Event-driven trading involves taking positions in anticipation of, or in reaction to, specific scheduled events that will resolve uncertainty in a market. In traditional finance, this includes earnings announcements, central bank decisions, and regulatory rulings. In prediction markets, the concept maps directly to Kalshi's event-based contract structure.
The core premise: markets reprice around information releases. If a trader has a well-informed view of the likely outcome before the information is public, they can position ahead of the repricing.
Types of events on Kalshi
Kalshi lists markets tied to many different types of scheduled events:
Economic data releases
Monthly jobs reports (BLS), CPI inflation data, GDP estimates, and other economic indicators are released on known schedules. Kalshi lists markets like "Will the unemployment rate be above X%?" or "Will CPI exceed Y%?" These contracts see significant price movement at the exact moment the data is released.
Central bank decisions
Federal Reserve (FOMC) meetings occur on a published schedule. Markets on interest rate decisions, rate cut/hike probabilities, and forward guidance are among the most actively traded on Kalshi. The CME FedWatch tool, which derives probabilities from futures markets, provides a benchmark for comparison.
Election results
Election night provides a sequence of scheduled information releases (state-by-state results) that progressively resolve uncertainty. Prediction markets for elections tend to be among the most liquid on Kalshi.
Weather events
While weather is continuous, specific observation times (daily high, daily low, daily precipitation totals) create discrete resolution points. Forecast updates from the NWS throughout the day also serve as information events.

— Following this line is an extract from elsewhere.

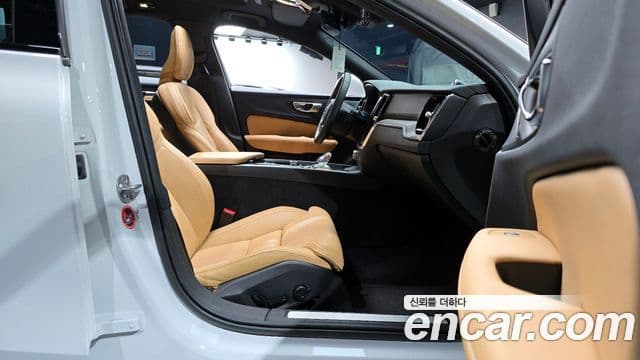 Volvo V60 Cross Country 2023 — фото 11 из 20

Pre-event vs. post-event strategies
Pre-event positioning
A trader takes a position before the event, based on their view of the likely outcome. This requires forming an independent estimate that differs from the market price. Sources of edge include:
- Forecasting models — Economic nowcasting models (e.g., Atlanta Fed GDPNow) may provide more timely estimates than what the market has priced in.

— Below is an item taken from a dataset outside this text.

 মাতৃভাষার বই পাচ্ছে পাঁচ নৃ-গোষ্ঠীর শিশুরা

- Leading indicators — For employment data, indicators like initial jobless claims, ADP private payrolls, and ISM employment sub-indices are released before the official BLS report.
- Consensus analysis — The market price may lag behind the latest economist consensus if it was established during a low-volume period.
Post-event reaction
Some traders focus on how markets react immediately after an event. If the initial price reaction overshoots (e.g., a slightly-worse-than-expected jobs report causes a 15-cent drop in a related market), there may be an opportunity to fade the overreaction. This overlaps with the mean reversion strategy.
Key distinction: Event-driven trading on Kalshi differs from equities because Kalshi contracts settle to a binary outcome (0 or 100). There is no "post-earnings drift" — the contract either resolves YES or NO. This means the event itself often IS the settlement, leaving no room for gradual price adjustment.
The information cascade
Prediction market prices near events can exhibit cascade behavior. Bikhchandani, Hirshleifer, and Welch (1992) describe information cascades as situations where participants ignore their private information and follow the crowd. In liquid prediction markets, this is generally self-correcting — but in thin markets near settlement, a few large orders can temporarily push prices away from fair value.
Timing and liquidity
Event-driven markets on Kalshi follow a predictable liquidity pattern:
- Days before the event — Moderate liquidity, wide spreads, prices reflect general expectations
- Hours before — Liquidity increases as active traders position themselves, spreads tighten
- Minutes before — Peak liquidity and tightest spreads, prices reflect the latest consensus
- At the event — Rapid repricing as the outcome becomes known; liquidity may temporarily evaporate
- After settlement — Contracts resolve and capital is freed for the next event
Key considerations
- Known unknowns vs. unknown unknowns — Event-driven trading works best when the possible outcomes are well-defined and the question is which one occurs. Surprise events (geopolitical shocks, unscheduled announcements) are harder to position for.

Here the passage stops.